#### ABOUT THIS EXERCISE
Reproduce, exactly and only, the lines of the data that follows from the one containing "Посольству США в" down to the one containing "A Exquisite Eaglewood Statue of Sakyamuni Ornament: A", without pictures.

#### THE RECORDS
▼

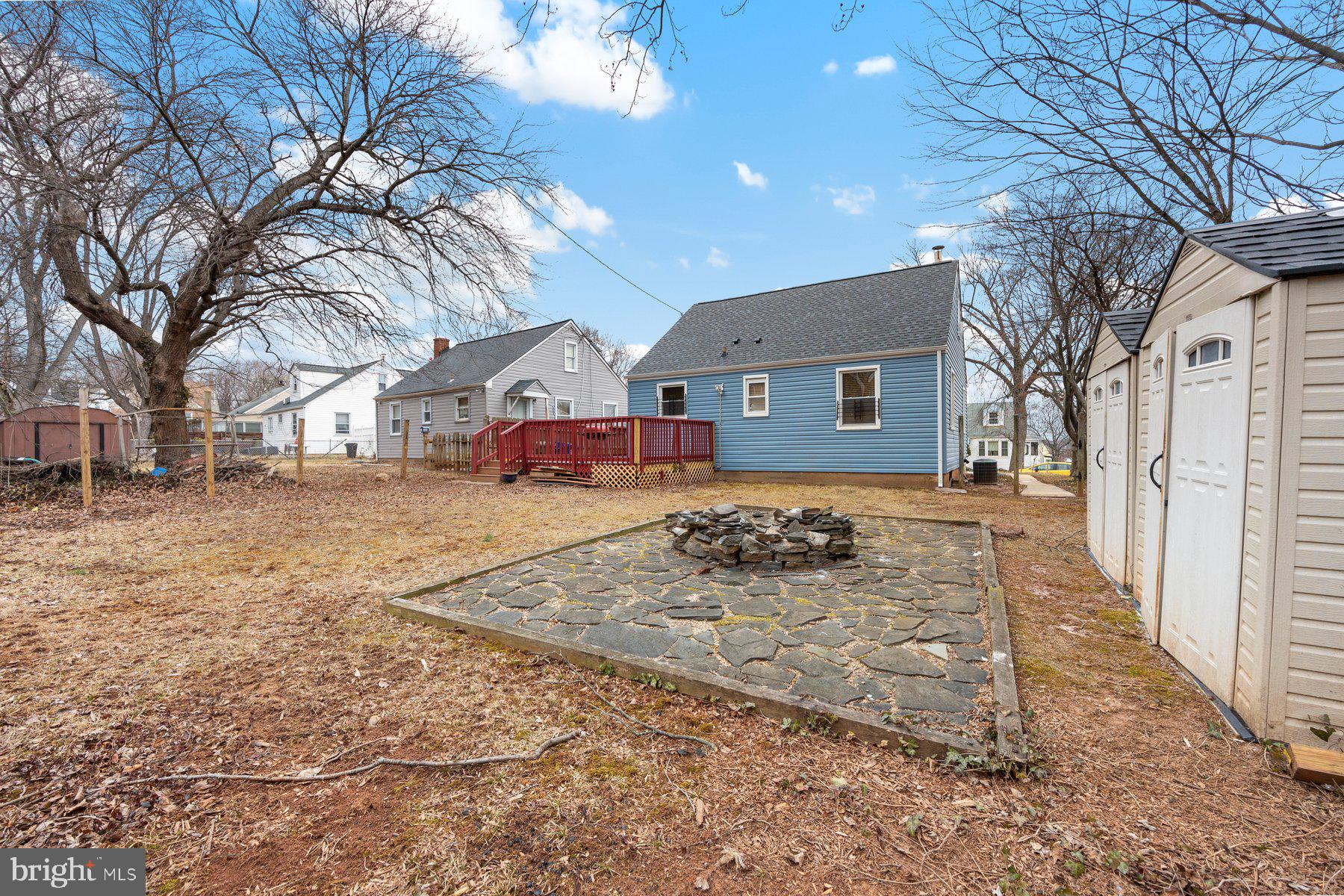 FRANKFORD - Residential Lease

▲
▼

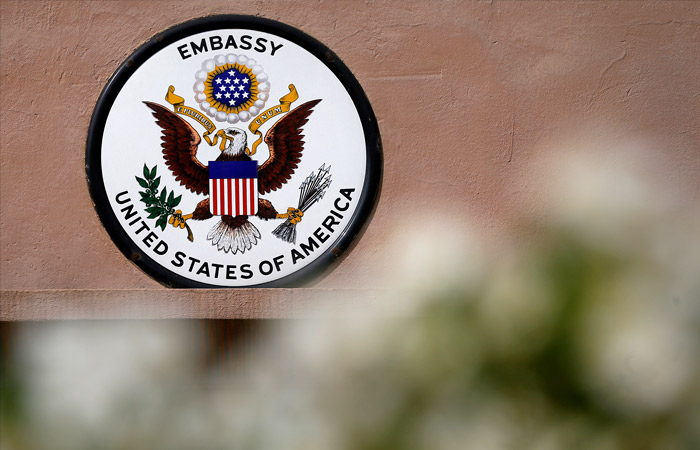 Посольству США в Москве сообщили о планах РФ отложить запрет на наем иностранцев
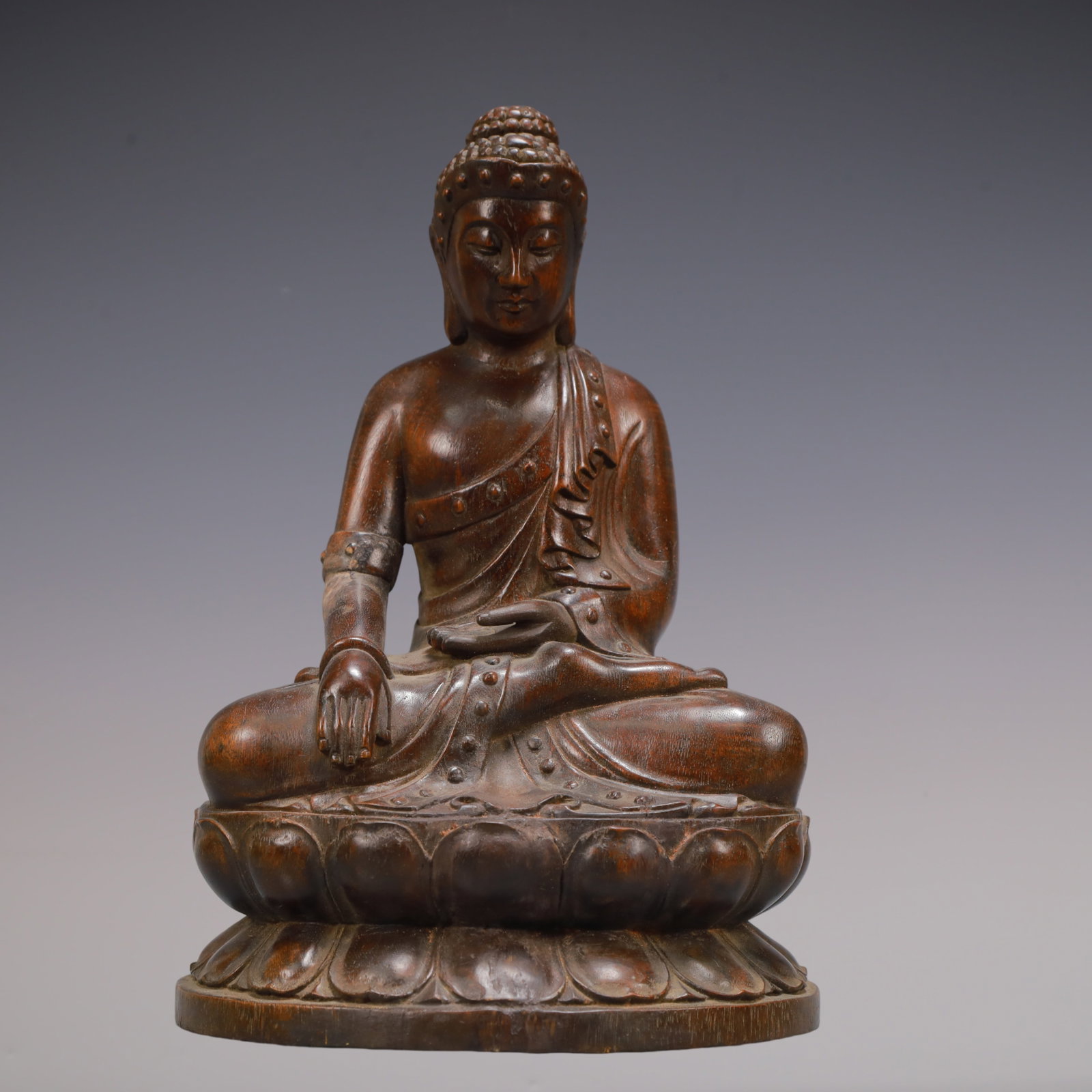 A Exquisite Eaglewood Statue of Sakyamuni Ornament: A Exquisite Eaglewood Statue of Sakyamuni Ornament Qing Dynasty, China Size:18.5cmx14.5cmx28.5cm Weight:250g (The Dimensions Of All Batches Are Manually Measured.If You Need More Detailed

▲

#### YOUR RESPONSE
 Посольству США в Москве сообщили о планах РФ отложить запрет на наем иностранцев
 A Exquisite Eaglewood Statue of Sakyamuni Ornament: A Exquisite Eaglewood Statue of Sakyamuni Ornament Qing Dynasty, China Size:18.5cmx14.5cmx28.5cm Weight:250g (The Dimensions Of All Batches Are Manually Measured.If You Need More Detailed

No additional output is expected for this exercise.